Probably the place that makes the most sense to watch this work is on a monitor hanging in an art museum—a place where many of the manifestos on art being recited in the film can be observed in practice around you. But for those of you (including myself) who have claimed that you would watch Cate Blanchett in anything, here’s the chance to prove yourself, since she certainly proves that she warrants such faith in her abilities in Manifesto, an experimental work from German artist Julian Rosefeldt. In the film, Blanchett plays 13 different characters, each with a unique look, accent and series of monologues, each taken from the writings of a great number of well-known manifestos on 20th century art movements, representing the views of everyone from Karl Marx to Lars von Trier.
One of the few films I’ve ever seen with a “dramaturgical advisor” listed in the credits, Manifesto covers such movements as surrealism, dadaism, pop art, architecture, creationism, abstract expressionism, performance, minimalism, and, of course, film. In one of the final sequences, Blanchett plays a school teacher instructing a class of elementary school students on the theories of Jim Jarmusch and the Danish Dogme 95 in a patient, soothing tone, as if she were teaching them to tie their shoes. Other personas taken on by the actress include a newscaster (as well as her in-the-field reporter), a woman giving a eulogy at a funeral, an exasperated Russian choreographer, and even a homeless man wandering the ruins of an unknown city.
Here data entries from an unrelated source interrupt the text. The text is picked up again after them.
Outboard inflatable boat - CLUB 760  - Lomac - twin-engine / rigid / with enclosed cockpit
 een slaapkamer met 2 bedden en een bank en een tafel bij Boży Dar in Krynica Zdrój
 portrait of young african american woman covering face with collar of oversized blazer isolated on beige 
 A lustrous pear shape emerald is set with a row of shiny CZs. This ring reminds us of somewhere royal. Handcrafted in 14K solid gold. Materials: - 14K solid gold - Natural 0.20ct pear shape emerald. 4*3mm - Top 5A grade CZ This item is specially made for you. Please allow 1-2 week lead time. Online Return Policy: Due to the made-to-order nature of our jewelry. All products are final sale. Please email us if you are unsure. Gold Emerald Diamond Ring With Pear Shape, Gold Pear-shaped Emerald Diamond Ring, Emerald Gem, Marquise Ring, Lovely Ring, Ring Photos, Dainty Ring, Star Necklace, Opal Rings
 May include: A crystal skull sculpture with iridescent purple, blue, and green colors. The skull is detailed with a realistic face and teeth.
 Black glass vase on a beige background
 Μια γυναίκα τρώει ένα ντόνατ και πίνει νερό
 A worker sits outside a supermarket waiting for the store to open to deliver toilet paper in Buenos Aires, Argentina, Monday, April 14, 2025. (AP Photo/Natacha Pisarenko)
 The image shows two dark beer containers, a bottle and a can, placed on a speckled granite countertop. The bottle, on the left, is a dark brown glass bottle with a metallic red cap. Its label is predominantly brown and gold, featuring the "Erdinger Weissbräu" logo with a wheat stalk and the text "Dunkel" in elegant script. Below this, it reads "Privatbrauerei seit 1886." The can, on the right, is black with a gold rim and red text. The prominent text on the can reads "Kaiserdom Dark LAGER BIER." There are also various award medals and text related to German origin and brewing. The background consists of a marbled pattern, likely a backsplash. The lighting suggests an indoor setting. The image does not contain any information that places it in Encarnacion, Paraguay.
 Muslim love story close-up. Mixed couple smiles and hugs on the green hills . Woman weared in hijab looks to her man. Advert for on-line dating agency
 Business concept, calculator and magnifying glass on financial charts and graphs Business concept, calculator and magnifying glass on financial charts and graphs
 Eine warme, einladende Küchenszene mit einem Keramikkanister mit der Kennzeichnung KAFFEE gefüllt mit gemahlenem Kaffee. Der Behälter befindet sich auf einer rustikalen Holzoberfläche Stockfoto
There’s no getting around the fact that Manifesto is a fascinating exercise in both acting and artistic expression. It also happen to be beautifully shot and composed, but the centerpiece of the film is the anticipation we experience waiting to see what Blanchett comes up with next. It manages to be an encapsulation of all that she is capable of, yet somehow it probably doesn’t even scratch the surface. With just a new wig, or a pair of glasses, or more/less makeup, her entire personality shifts, sometimes subtly, but often quite dramatically.
It likely goes without saying (but I’ll say it anyway), the film is not for everyone, certainly, and as much as I enjoyed hearing these many musings on the artistic mind and theories on what constitutes pure and authentic art, Manifesto left me curious about what Rosefeldt’s thoughts were as well, or at least which of these writings he values the most. As a traditional film, it may leave many frustrated and confused, but as an acting exercise and thesis on the past century or so of artistic discovery, it’s captivating and, more often than you might think, quite amusing.
It seems appropriate that the film is opening in Chicago for a weeklong run at the Gene Siskel Film Center, a part of the School of the Art Institute of Chicago.